Review: ‘Girls’ hits some bumps on the road to growing up

When HBO announced last month that Girls would end after its sixth season, that seemed about right. Some TV shows are built to run forever, because they have a premise and/or characters who transcend the particular moment in their story in which the show began. Louie (a show that was a big influence on Girls) is on an indefinite hiatus, but is an elastic enough idea that the head of FX recently suggested Louis C.K. could return to it periodically in his 50s, 60s, and 70s. Rumors persist that NBC will revive the original Law & Order at some point, and Sam Waterston has at least another decade of self-righteous reactions in him.

Girls, though, is about a very specific time in the lives of its four title characters, and about telling their stories in a very specific – and, always, polarizing – way. Lena Dunham and company have presented the early-mid 20s of Hannah and her friends not as the carefree adventure that's usually depicted in fiction about people this age, but as a disorienting, oppressive horror show. They want to do everything, but for the most part lack the skills, the wisdom, and the resources to do much of anything. A time of allegedly limitless opportunity instead turns into an endless opportunity to fail in humiliating fashion.

The show presents those humiliations with such artistry that they're often poignant, or hilarious, or both at the same time, but there's always been a ticking clock on how long it can linger in this period.

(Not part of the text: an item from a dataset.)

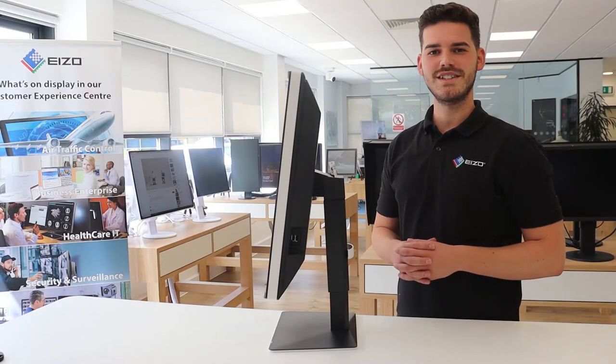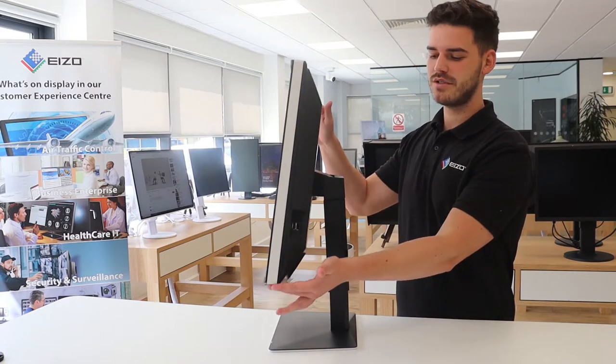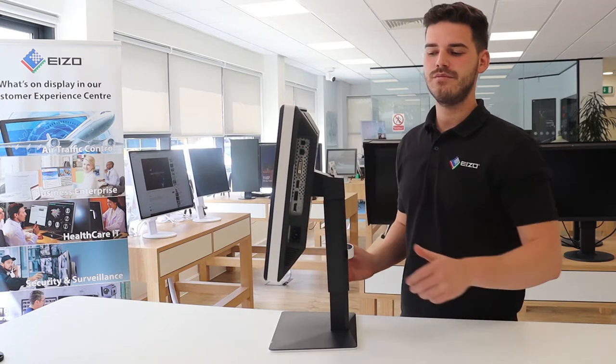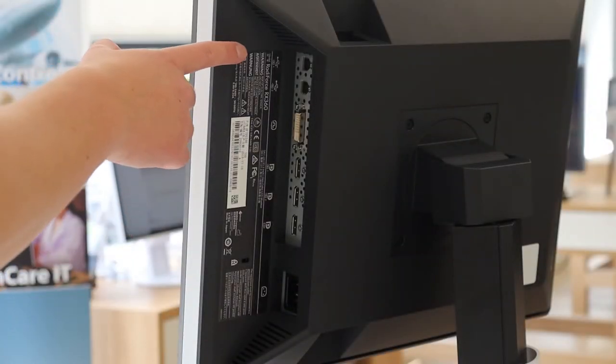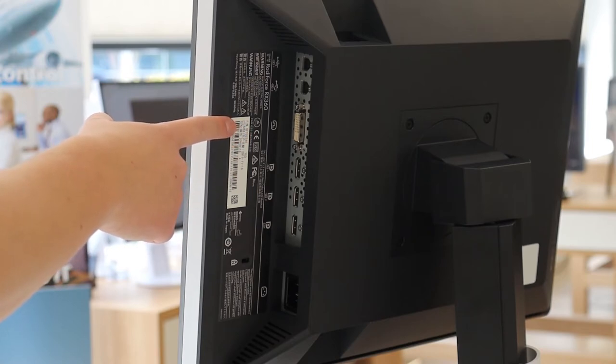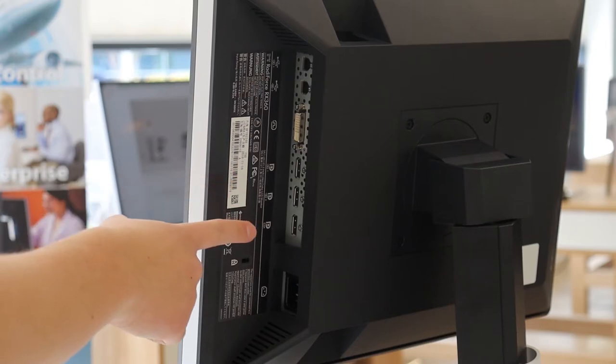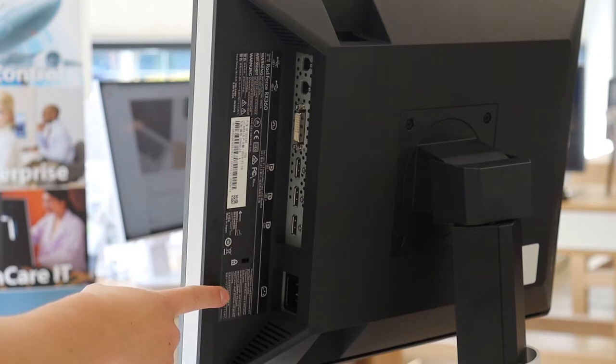Connecting your RX360 to your workstation could not be more simple. To gain access to the ports, rotate the monitor into its landscape form. Here we have two USB upstream ports used to control the monitor and for use with our ISO Radix QA software, one DVI input, two DisplayPort inputs, and one DisplayPort output used for daisy chaining. And finally, the power connector.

At a certain point, the girls either have to start growing up, which fundamentally alters the subject and tone of the show, or the repetitions of their failures become tough to endure even for those of us who haven't already dismissed it as the worst thing Western civilization has produced since the Hot Pocket.

Some of that strain is already apparent in the start of season 5, which debuts Sunday at 10 on HBO. The girls are, if not growing up, then at least trying out the customs of those who do. The season premiere is set on the day of the wedding between the narcissistic Marnie (Allison Williams) and her even more self-involved musician boyfriend Desi (Ebon Moss-Bachrach). Hannah (Dunham) is many months into a mostly healthy relationship with the exceedingly normal Fran (Jake Lacy). Shoshanna (Zosia Mamet) has grown accustomed to her new job and life in Japan. Adam (Adam Driver) is enjoying steady acting work, and he and Jessa (Jemima Kirke) are both doing well with their sobriety.

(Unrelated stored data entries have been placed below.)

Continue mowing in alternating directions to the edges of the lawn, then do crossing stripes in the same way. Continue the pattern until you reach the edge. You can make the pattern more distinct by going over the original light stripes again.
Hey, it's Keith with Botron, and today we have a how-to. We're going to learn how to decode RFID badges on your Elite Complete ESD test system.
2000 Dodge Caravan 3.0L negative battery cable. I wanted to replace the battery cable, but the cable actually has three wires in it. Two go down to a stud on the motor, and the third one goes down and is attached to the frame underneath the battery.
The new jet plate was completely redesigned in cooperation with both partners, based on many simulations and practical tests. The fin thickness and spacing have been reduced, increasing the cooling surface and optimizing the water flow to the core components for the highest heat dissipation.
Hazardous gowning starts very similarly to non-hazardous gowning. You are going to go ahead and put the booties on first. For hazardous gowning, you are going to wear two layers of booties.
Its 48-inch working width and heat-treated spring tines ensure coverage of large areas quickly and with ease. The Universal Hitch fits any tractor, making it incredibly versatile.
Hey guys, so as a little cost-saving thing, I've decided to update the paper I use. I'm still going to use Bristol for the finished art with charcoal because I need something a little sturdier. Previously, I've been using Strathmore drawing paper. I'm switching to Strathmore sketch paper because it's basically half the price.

As Jessa puts it, summing up not only her own goals, but where all the characters seem to be at at this stage of the series, “I'm done being shitty. Shitty is old news.”

Saying that and being that are two different things, of course, and Girls continues to mine comedy out of the vast gulf between its characters' aspirations and their reality. Hannah, for instance, is still a constant source of exasperation for the principal at the private school where she teaches – when he asks why she thought it was a good idea to have her kids read Philip Roth's very adult novel Goodbye, Columbus, she explains, “They'll gain an appreciation about Jewish men in their early 20s” – and life with Fran is ultimately no less messy than it was with Adam. In one episode, she discovers that Fran, who finds traditional porn depressing, keeps photos of his exes on his phone as a masturbation aid; indignant, she tells her friends, “I'm not going to be edged out by girls who don't even have interesting fat deposits on themselves!”

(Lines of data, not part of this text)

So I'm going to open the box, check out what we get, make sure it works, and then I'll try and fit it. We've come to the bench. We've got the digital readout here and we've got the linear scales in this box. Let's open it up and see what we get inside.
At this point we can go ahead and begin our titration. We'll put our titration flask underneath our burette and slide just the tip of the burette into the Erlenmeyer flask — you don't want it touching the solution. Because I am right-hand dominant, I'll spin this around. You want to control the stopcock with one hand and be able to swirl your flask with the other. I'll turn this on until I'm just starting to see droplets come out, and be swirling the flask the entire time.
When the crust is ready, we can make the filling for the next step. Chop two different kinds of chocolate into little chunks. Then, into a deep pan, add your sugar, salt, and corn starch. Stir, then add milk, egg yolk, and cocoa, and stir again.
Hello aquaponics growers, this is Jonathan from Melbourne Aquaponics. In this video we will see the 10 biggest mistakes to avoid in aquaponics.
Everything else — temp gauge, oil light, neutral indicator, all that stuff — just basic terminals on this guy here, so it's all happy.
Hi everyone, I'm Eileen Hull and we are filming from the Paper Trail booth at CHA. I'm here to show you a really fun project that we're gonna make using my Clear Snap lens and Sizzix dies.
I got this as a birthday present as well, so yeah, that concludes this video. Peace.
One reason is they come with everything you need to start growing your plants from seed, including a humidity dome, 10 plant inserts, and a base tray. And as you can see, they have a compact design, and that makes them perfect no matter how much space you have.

Marnie and Desi remain entertainingly awful (even her pronunciation of “Ecuador” is stomach-churning). The third episode, filmed mostly on location in Japan, is a fun showcase for Zosia Mamet. And Fran's dry and mostly sensible reactions to Hannah create a very different and often amusing dynamic from when she was with Adam.  But through the four episodes sent to critics, there's a sense that the show itself is struggling with the next phase of life as much as the characters are.

Early on, for instance, there's some flirtation between Adam and Jessa. It doesn't come out of nowhere, as the two were very much tangled up in each other's lives last season, but it still plays like the kind of mix-and-match romantic storytelling shows do at an advanced age when they're running out of stories to tell about certain characters. Similarly, Elijah (Andrew Rannells) finally gets a story arc of his own – getting involved with a famous news anchor played by Corey Stoll – after spending most of the series providing running commentary on Hannah's many bad decisions. Rannells has more than earned the belated showcase, but it comes at the expense of other characters like Ray (Alex Karpovsky), on a show that even at its best had difficulty servicing its supporting cast.

In other ways, though, maturity works to the series' advantage. We continue with the story of Hannah's father Tad (Peter Scolari) coming out late in life, and the impact it's having on both Hannah and her mother Loreen (Becky Ann Baker). More than at any point in the series so far, this development forces Hannah to be the grown-up in a situation, and while she's not always good at it, it's an excellent showcase for Dunham as dramatic actress.

Had HBO announced that this would be the final season, rather than one more a year from now, that might have also felt right. But Girls still feels like Girls, albeit a less surprising version than it was back at the start, and that bumpy transition into real maturity should provide some good material for everyone as the series moves through these last two years.

In the midst of one argument, Fran complains, “Hannah, you are being too much.”

“I'm not being too much,” she replies. “I'm being just enough!”

Hopefully, we'll all still feel that way by the time we get to the end of season 6.